Thursday, June 30, 2011

Deconstructing algos, part 2: Leveraging chaos into high-frequency arbitrage opportunities

The recent elegant explanation for the activities of the HFT algos by Nanex seems likely to be a better one than the analysis that follows, as it answers the all-important question--why? In the following analysis we will look a little bit at how, but most or our interpretation of the results is coloured by the Nanex explanation. It explains why so many trades happen outside the bid-ask spread, particularly as the bid and ask prices are moving rapidly. They are scalping fractions of pennies from some poor fool who has data more than a few ms old.

As this is the reason, the method of choosing bid and ask prices pales in significance next to the methodology of stuffing the orders. This methodology I know nothing about and will not address. This article will address how to use this stuffing to create endless opportunities for arbitrage.

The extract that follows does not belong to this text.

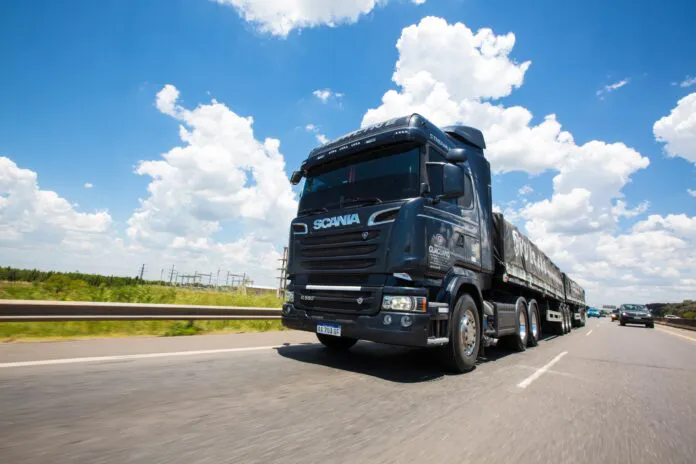 camiones-bitrenes-696x464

The principal advantage discussed in the Nanex report is stuffing the market with so many orders that competitors have trouble seeing the present state of the market. Whenever such inefficiencies are created, an arbitraging opportunity may also be created.

One method of creating arbitrage opportunities is through manipulation of time. We are accustomed to thinking of information flow as instantaneous, but it is limited by the speed of light. How might HFT take advantage of this?

Imagine for a moment that transatlantic communications were somehow extremely limited, so that a trader in New York could not see the present price of a stock in Paris, but would only see it after a two-hour delay. Any market participant who could somehow overcome this limitation would find a myriad of arbitrage opportunities.

Now look at the present. Let's suppose International Face Sucker (IFS) starts stuffing 100,000 bids per second into the pipe in New York. Let us say that those bids are x1, x2, x3, . . .

A market participant in Californa, Hedge Fool LLP (HF) is in the market and starts looking at the stream of bids coming down the pipe.

At 100,000 bids per second, the electronic signal only travels about  3 km between each bid. So at the time when HF sees the first bid (x1), and prepares its response (say, y1), IFS is actually sending quote x1500 into the dataverse. Where is the market? What is the current price?

Now suppose IFS has a branch in California. They have the same algo as IFS New York, and are running it so locally they observe x1 and HF's response y1--but they already know what x1500 is (or is that "is going to be"?), not to mention all of x2 through x1499. Might there be an arbitrage opportunity? Might there be 100,000 such opportunities every second?

A fraction of a penny 100,000 times a second--it isn't long before you're into real money.

Now IFS has branches in London, Paris, Sydney, Tokyo, Shanghai, Moscow--they are all running these arbitrage trades and who knows--maybe they are stuffing orders into their local bourses, using an algo known by all other branches and are arbitraging them as well.

The role of chaos

Not that it matters much, but what sort of algos are they using? I think they are mostly pretty simple.

The algo on the bizarre spreads seen here is straight forward, but hard to see how it profits.



As I've written elsewhere, the nat gas trading algo looked very similar to a simple chaotic function--the first such function ever identified.

 

Natural gas over a brief interval on June 8, 2011. Graph from Nanex.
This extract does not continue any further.